● **To do**: Beginning with the line that contains "Tazza - Coupe", repeat each line exactly through the end of the listing below. Pictures stay out.

● **Provided data**:
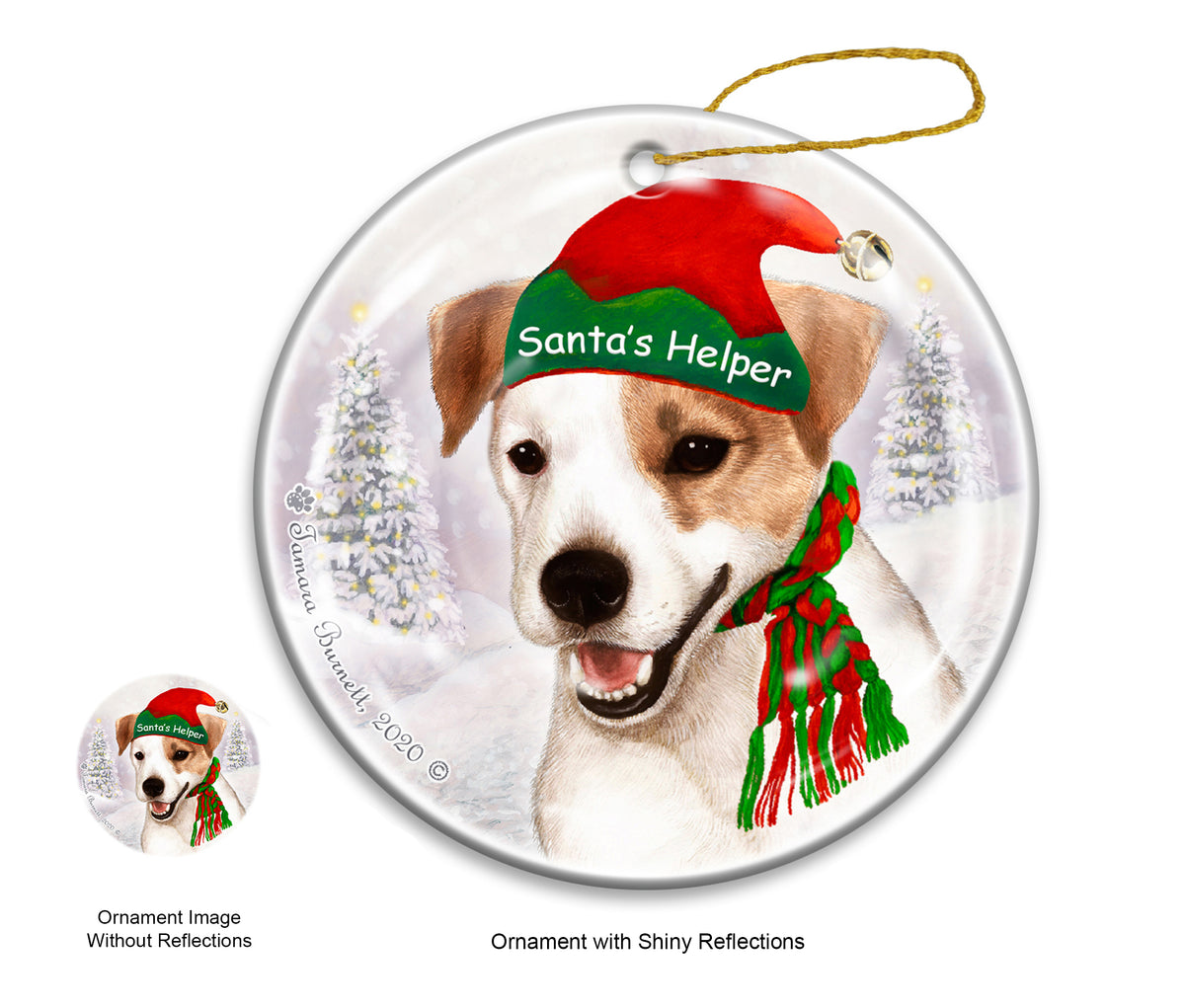 Jack Russell Tan and White Ornament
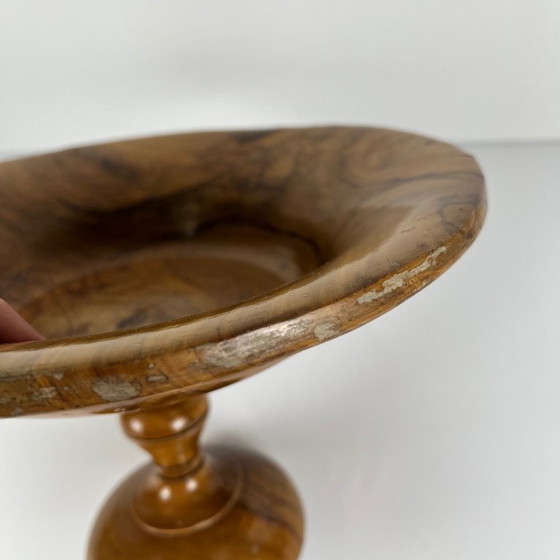 Tazza - Coupe À Fruit Sur Pied Monoxyle En Bois D'Olivier, 1950-60 – Bols, Wood, Vintage (photo 8 of 9)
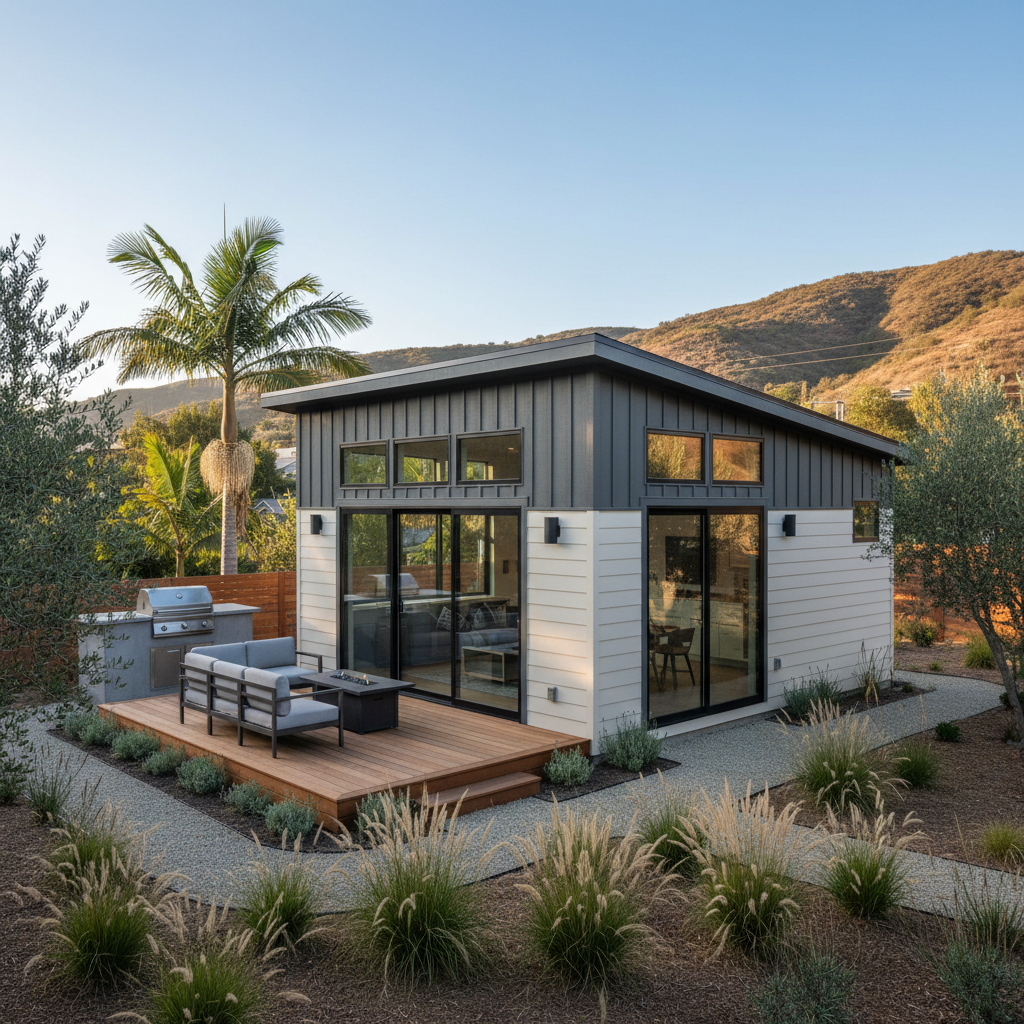 LP SmartSide for ADUs in California: Durability & Style — A finished, contemporary Accessory Dwelling Unit (ADU) in a California setting, featuring LP SmartSide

● **Output of the exercise**:
 Tazza - Coupe À Fruit Sur Pied Monoxyle En Bois D'Olivier, 1950-60 – Bols, Wood, Vintage (photo 8 of 9)
 LP SmartSide for ADUs in California: Durability & Style — A finished, contemporary Accessory Dwelling Unit (ADU) in a California setting, featuring LP SmartSide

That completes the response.